Il presupposto di fatto risiede, quindi, nella diretta disponibilità del conto corrente da parte del contribuente e da esso, una volta accertato, non può che conseguire l’applicazione della presunzione legale circa l’imputazione delle operazioni compiute sul conto al reddito di impresa. Affermare la premessa e negare la conseguenza, come in concreto fatto dalla sentenza impugnata, si risolve in una sostanziale disapplicazione della norma di legge che nella situazione in esame, pone in favore dell’Amministrazione una presunzione legale ed a carico del contribuente l’onere di superarla, dimostrando, come già osservato, di avere tenuto conto della singola operazione ai fini della dichiarazione del proprio reddito ovvero che essa è estranea all’attività oggetto di imposizione.

In tali considerazioni deve ritenersi rimanga assorbita la censura rivolta alla statuizione della decisione impugnata che ha escluso dal computo parte dei prelevamenti, per incertezza circa la loro riferibità all’attività di impresa, atteso che la pronuncia sul punto appare una diretta conseguenza del malgoverno da parte del giudice di merito della disposizione di legge citata. Va invece esaminata ed accolta la censura di vizio di motivazione con riguardo alla statuizione che ha escluso dal computo i prelevamenti. Il mero riferimento di tali operazioni alle esigenze della vita quotidiana, che si legge nella decisione, appare infatti all’evidenza formula insufficiente a spiegare la loro sottrazione alla presunzione legale, in assenza di ulteriori indicazioni circa Pentita degli importi, la frequenza dei prelievi e la specifica natura e consistenza della spesa cui singolarmente erano destinati.

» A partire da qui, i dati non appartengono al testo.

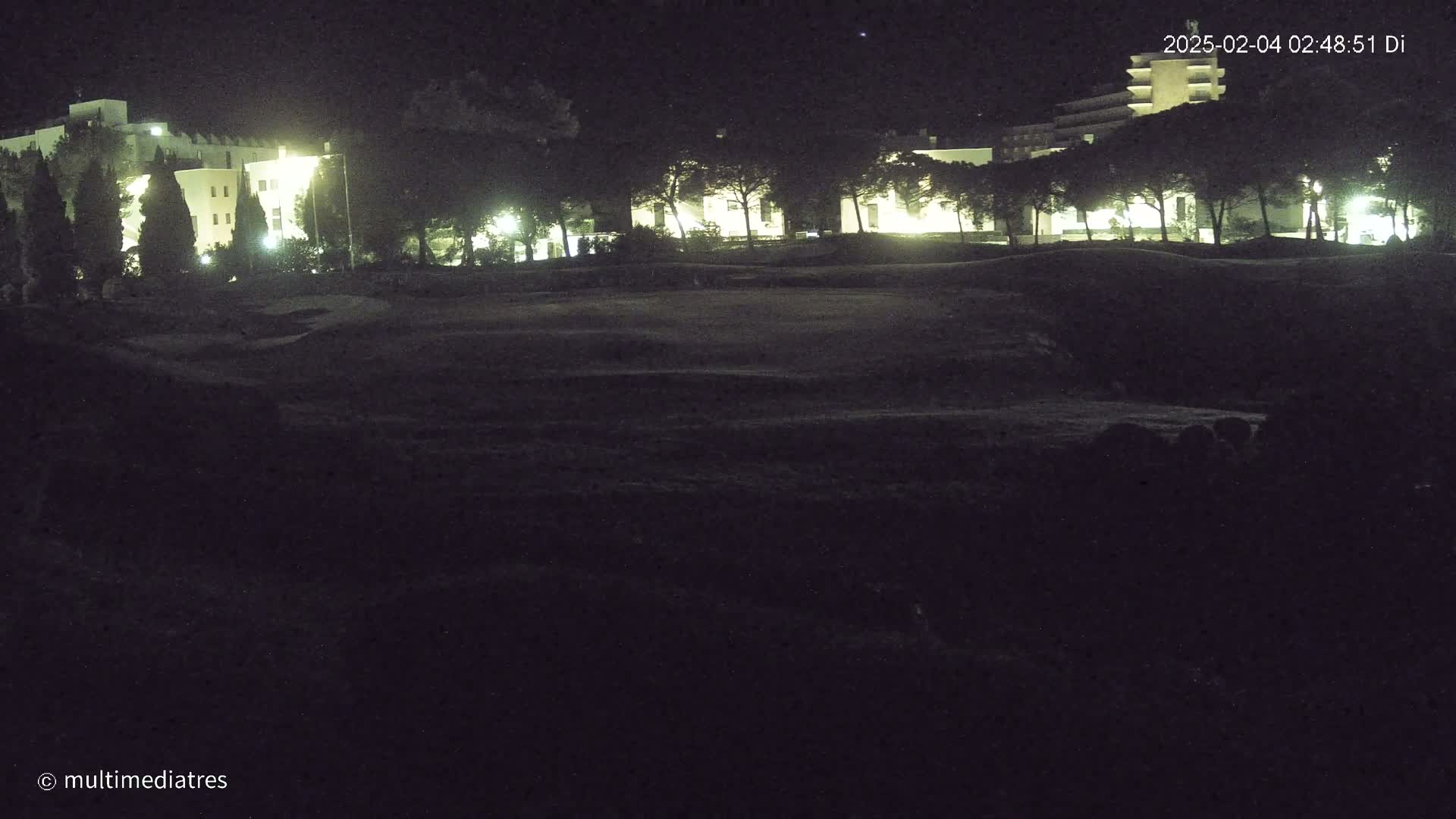 A nighttime view of a grassy area with illuminated buildings and trees in the background under a clear, dark sky.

Il ricorso dell’Agenzia delle Entrate va pertanto accolto, con conseguente cassazione della sentenza impugnata e rinvio della causa ad altra Sezione della Commissione tributaria regionale della Liguria che applicherà, nel decidere, il principio di diritto sopra indicato e provvederà anche alla liquidazione delle spese di giudizio.

PQM

Riuniti i ricorsi, rigetta il ricorso del T. ed accoglie quello dell’Agenzia delle Entrate; cassa, in relazione a quest’ultimo, la sentenza impugnata e rinvia, anche per la liquidazione delle spese, ad altra Sezione della Commissione tributaria regionale della Liguria.

Così deciso in Roma, il 8 novembre 2010.